Short web captions
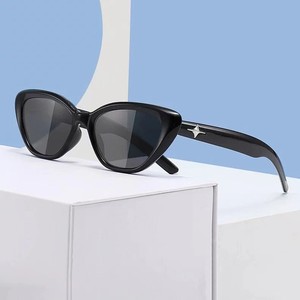 Lunettes de soleil rétro œil de chat 8148, monture noire en PC, verres AC, protection UV375, style unisexe pour petits visages - Product Image 2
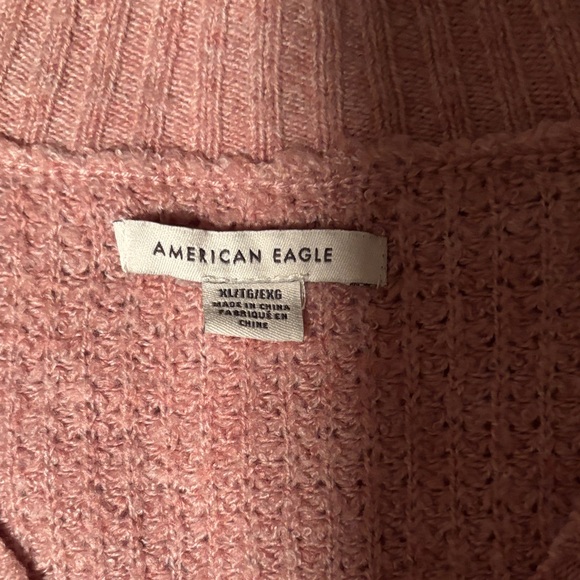 American Eagle Outfitters V-Neck Sweater in Soft Pink - Picture 3 of 4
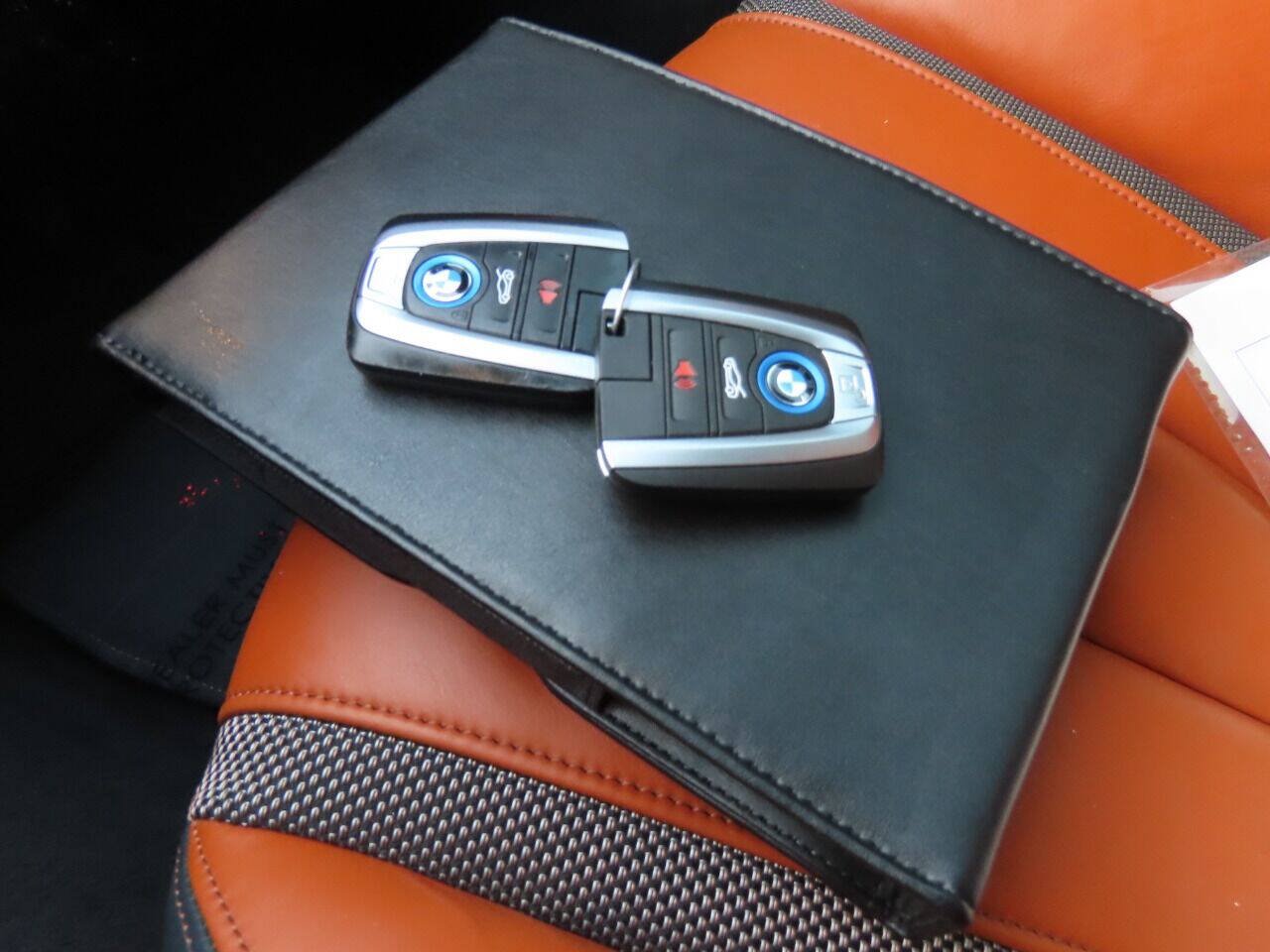 Used 2019 BMW i8 Roadster AWD/4WD image 30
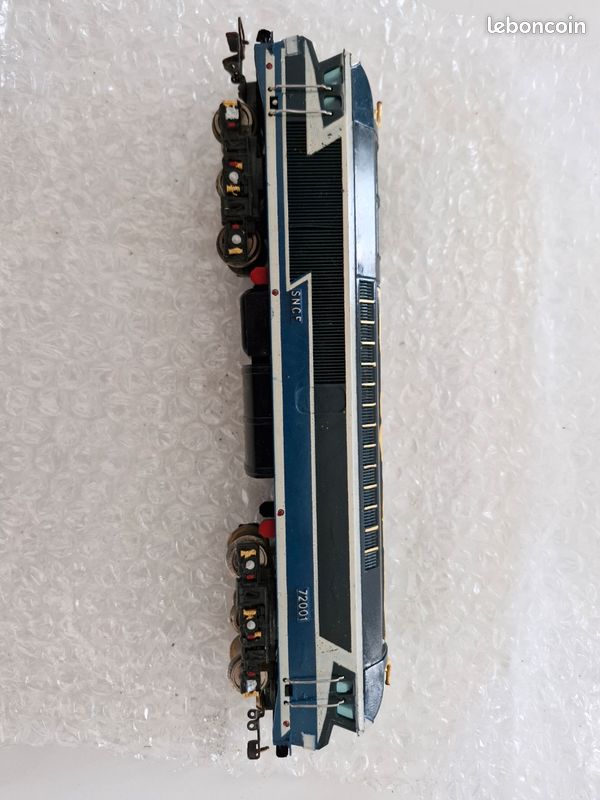 Locomotive (image 1)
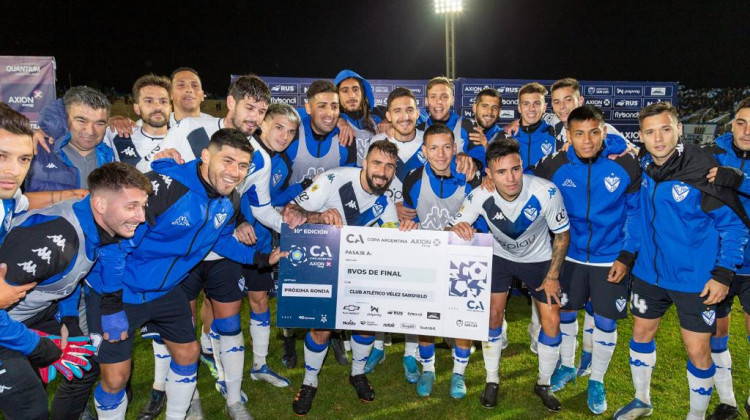 Vélez ganó sobre el final en La Punta y avanzó en la Copa Argentina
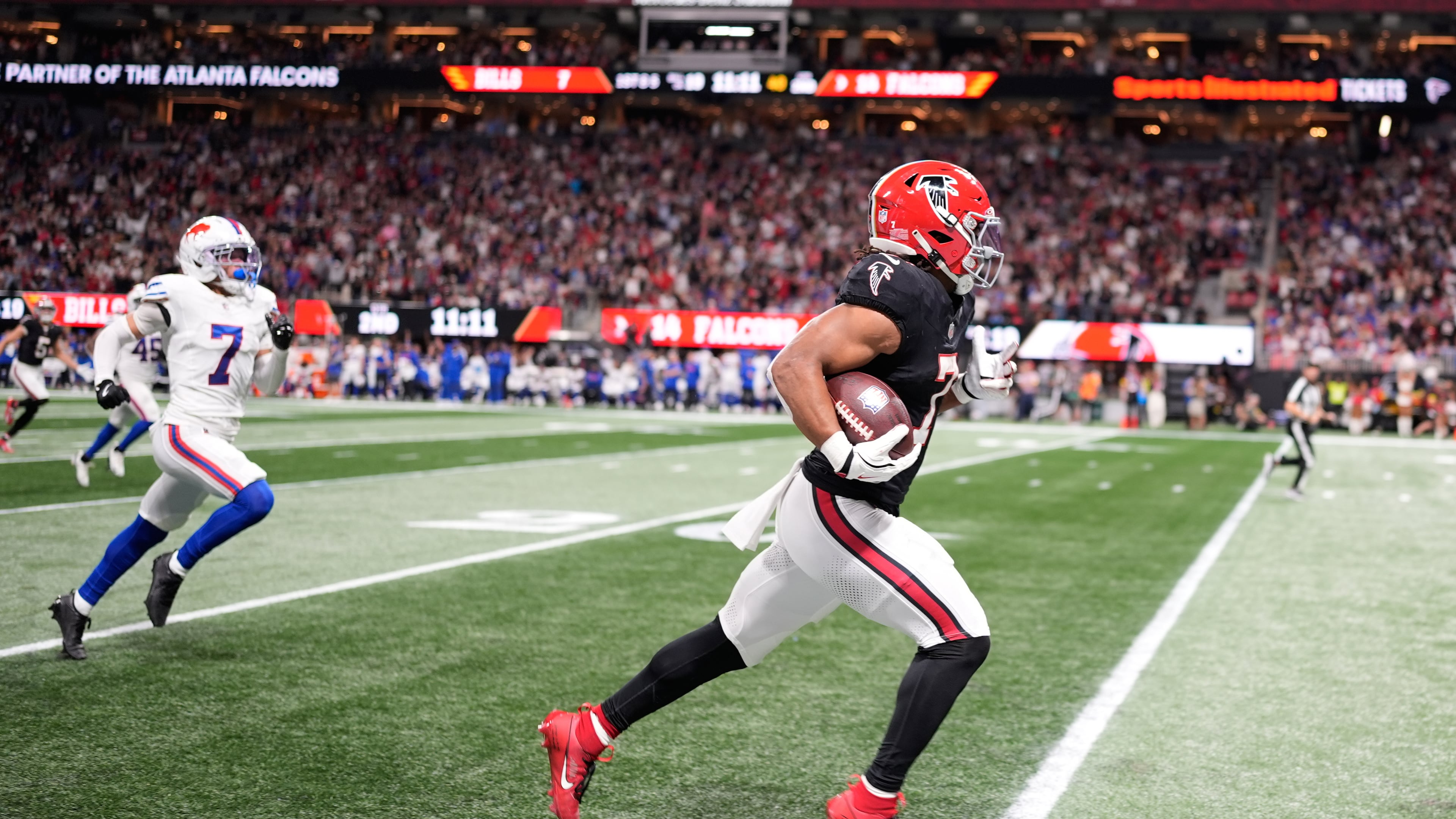 Atlanta Falcons running back Bijan Robinson (7) runs for a touchdown during the first half of an NFL football game against the Buffalo Bills, Monday, Oct. 13, 2025, in Atlanta. (AP Photo/Mike Stewart)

◆ What to produce
A faithful copy of all the data above, without its pictures, is the expected result.

◆ Expected answer
 Lunettes de soleil rétro œil de chat 8148, monture noire en PC, verres AC, protection UV375, style unisexe pour petits visages - Product Image 2
 American Eagle Outfitters V-Neck Sweater in Soft Pink - Picture 3 of 4
 Used 2019 BMW i8 Roadster AWD/4WD image 30
 Locomotive (image 1)
 Vélez ganó sobre el final en La Punta y avanzó en la Copa Argentina
 Atlanta Falcons running back Bijan Robinson (7) runs for a touchdown during the first half of an NFL football game against the Buffalo Bills, Monday, Oct. 13, 2025, in Atlanta. (AP Photo/Mike Stewart)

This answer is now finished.